UPDATE: Thank you to all who participated in this special offer, especially the City of Norcross, GA. I now offer this Pedal Power Hour presentation (which gives women in cities, at corporations, and in community groups an overview of Smart Cycling tips) at a flat-rate coast of $300 for 2 hours total time. Plus. I offer bike audits to cities, with the casual rider in mind, at a consultant rate of $150 per hour or $800 for an 8-hour day (including photos and findings report). Both of these investments by your city or business will help your Bike Friendly Community application.
I am offering a one-hour “lunch-n-learn” presentation, targeting new and returning women on bikes, to corporations (wellness and commute solutions!), cities (access for all! increased local sales!), and citizen groups (empowering teen girls! diversifying bike advocacy groups!) in north metro Atlanta. (Allow 1.5 hours, however, to accommodate introductions/questions, etc.)

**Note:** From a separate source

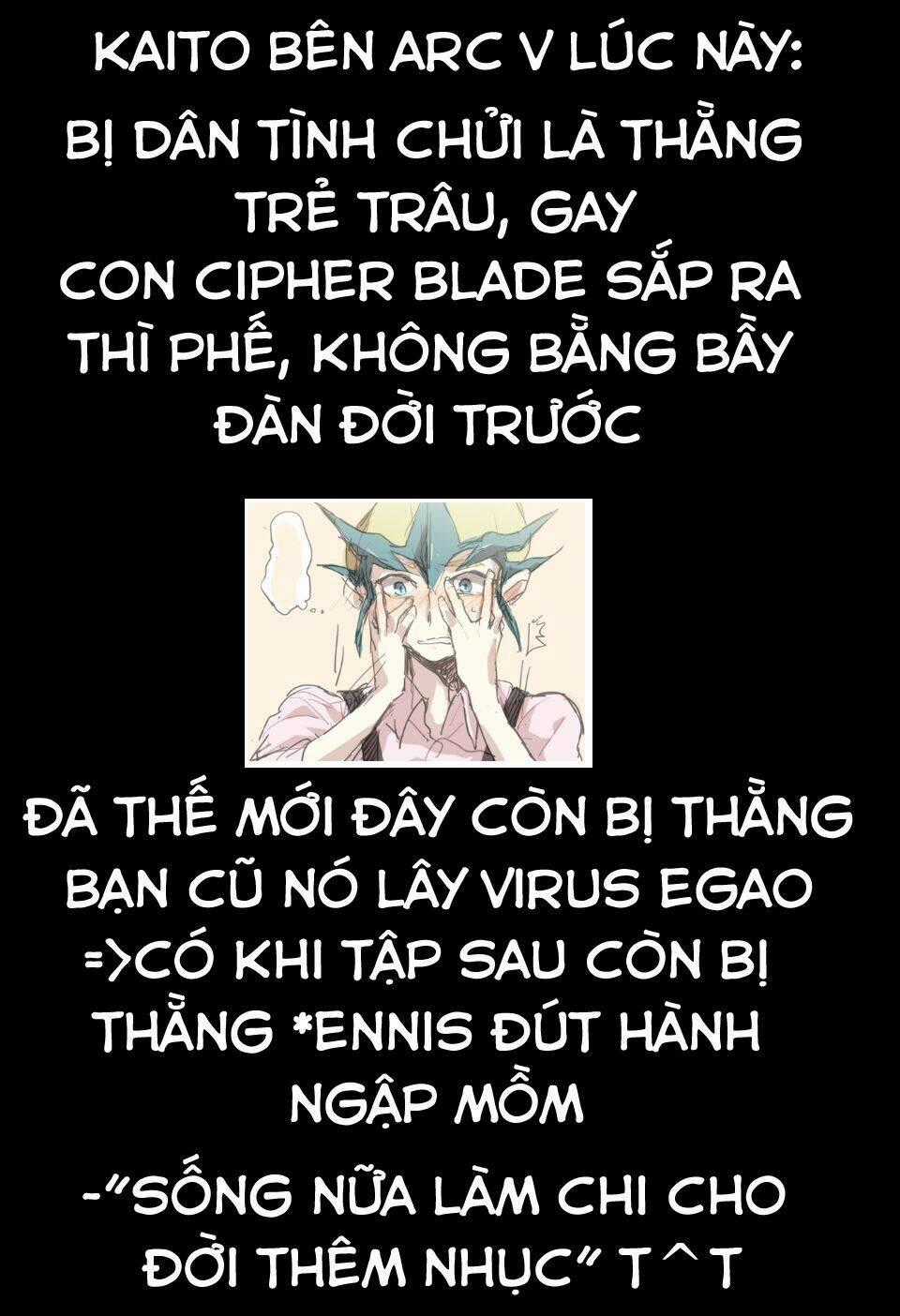 Vua Trò Chơi Zexal Chapter 25 trang 31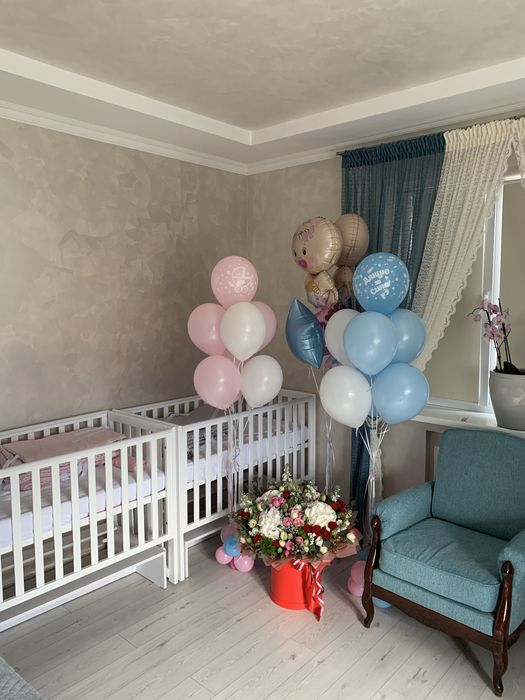 Дитяче ліжкчко ТМ Верес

The presentation includes photos and hands-on show-and-tell. (I am highly kinesthetic and I won’t PowerPoint at you.) It covers all aspects of bike riding, including (1) thinking about bike riding (bike, clothes, route selection, “fuel”), (2) right before riding (ABC Quick Check), (3) while riding (bike handling, hazard avoidance, rules of the road), and (4) after riding (bike care, self care, community care). It is my unique interpretation of Smart Cycling principles from the League of American Bicyclists, where I am a certified League Cycling Instructor (LCI #5382). I sprinkle it with rubber-hits-the-road tips and tricks that reflect our local realities while bike riding. If possible, I’ll even road-test your location to offer 100% germane suggestions.
I am currently scheduling up to four FREE presentations on Tuesdays from 11:30 AM – 1 PM between January 17 and the end of February, if your organization is interested. (Note: your one-time session occurs indoors in your projection-enabled meeting room, and participants bring their own lunch.) Contact me here to schedule. I am also working on a FREE webinar to be offered nationwide so that any woman new or returning to bike riding anywhere in the USA can power steer her way forward this year.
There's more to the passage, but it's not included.